Permanent HF parity regression gate

  • scripts/gen_embed_parity_goldens.py — one-shot HuggingFace golden generator (uv run --with transformers --with torch --with numpy --with sentencepiece).
  • crates/embed/tests/embed_parity_vs_hf.rs — Rust integration test that loads committed JSON fixtures + computes lattice embeddings + asserts cosine + max-abs-diff against HF reference.
  • Committed fixtures for 5 models × 5 inputs in crates/embed/tests/fixtures/embed_parity_v1/.
  • Wired into make ci via scripts/ci.sh.
Model Min cosine vs HF (5 inputs)
BAAI/bge-small-en-v1.5 0.999868
intfloat/multilingual-e5-small 0.999937
sentence-transformers/all-MiniLM-L6-v2 0.999899
sentence-transformers/paraphrase-multilingual-MiniLM-L12-v2 0.999875
Qwen/Qwen3-Embedding-0.6B #[ignore] — forward-pass divergence under investigation, see #103

Bench-compare

No regression in untouched SIMD/forward kernels.

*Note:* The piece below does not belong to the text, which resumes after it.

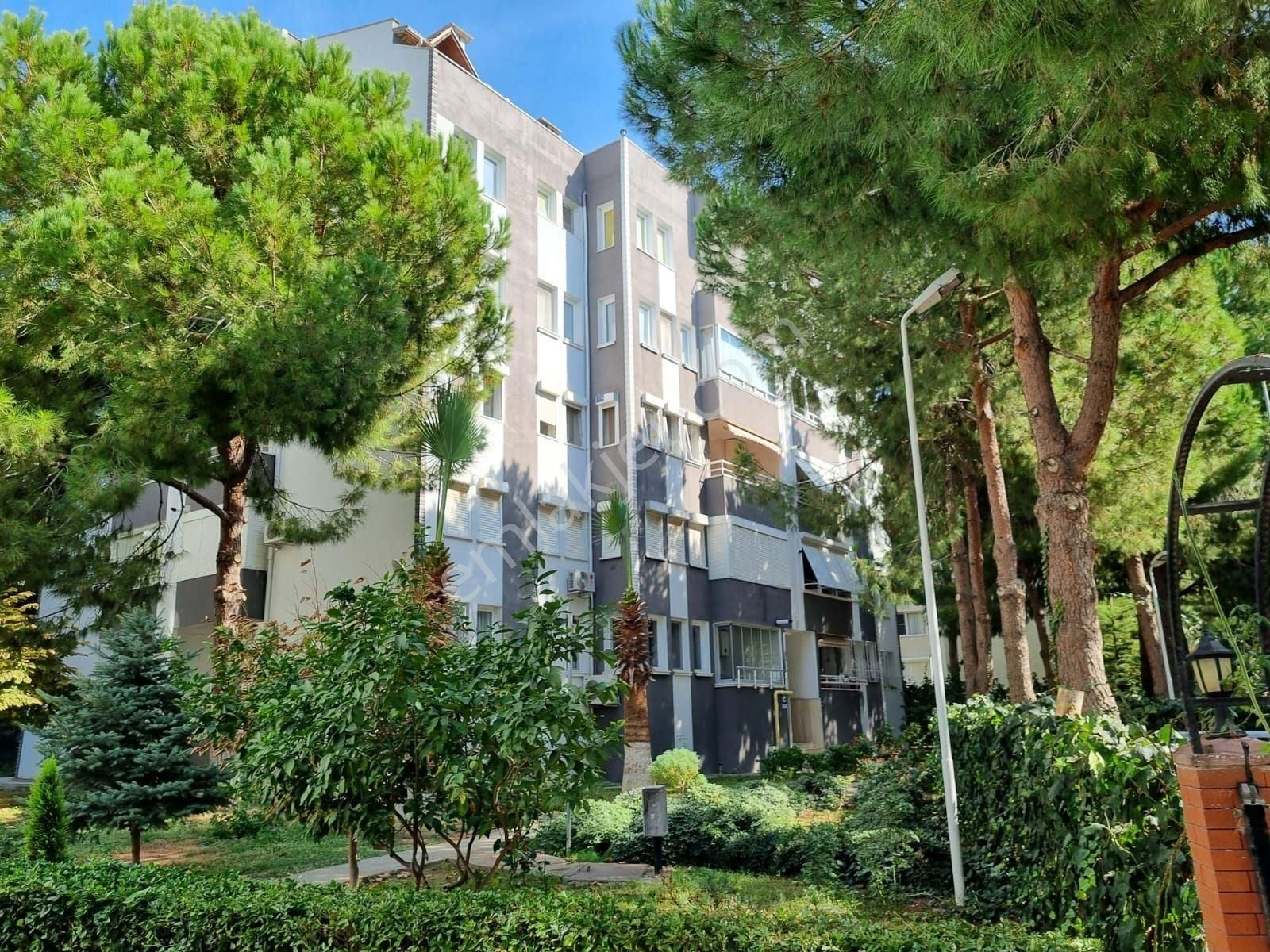 Kuşadası İkiçeşmelik Satılık Daire Kuşadası Satılık 3+1 Eşyalı Daire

The show touched only tokenizer code + BertPooling enum (single match-branch in BertModel::encode); SIMD code unchanged. Bench-compare against v0.2.4 was clean once measurement artifacts from cross-worktree builds were isolated.

Crates Published

  • lattice-inference 0.2.5
  • lattice-embed 0.2.5
  • lattice-fann 0.2.5
  • lattice-tune 0.2.5
  • lattice-transport 0.2.5

Follow-ups (deferred to subsequent releases)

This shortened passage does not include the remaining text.